Work instruction
Please reproduce the lines of the records below from the one holding "A stunning indoor" through the one holding "kot pantolon ve", inclusive, skipping all pictures.

Data under study
* * *
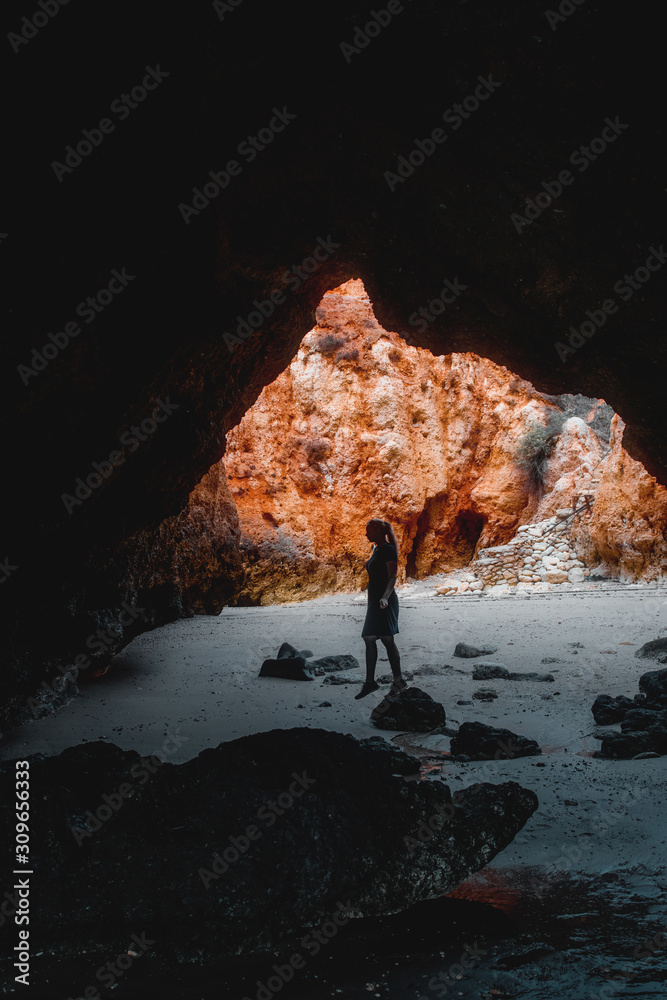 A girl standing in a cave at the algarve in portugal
* * *
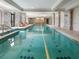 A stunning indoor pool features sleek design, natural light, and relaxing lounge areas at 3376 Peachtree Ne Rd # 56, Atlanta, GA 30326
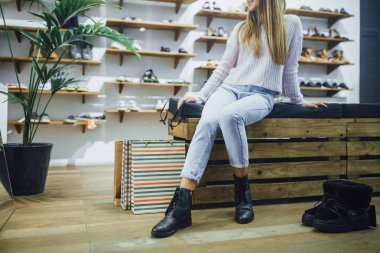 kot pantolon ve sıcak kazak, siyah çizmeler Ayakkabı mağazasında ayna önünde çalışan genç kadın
* * *
Finished task
 A stunning indoor pool features sleek design, natural light, and relaxing lounge areas at 3376 Peachtree Ne Rd # 56, Atlanta, GA 30326
 kot pantolon ve sıcak kazak, siyah çizmeler Ayakkabı mağazasında ayna önünde çalışan genç kadın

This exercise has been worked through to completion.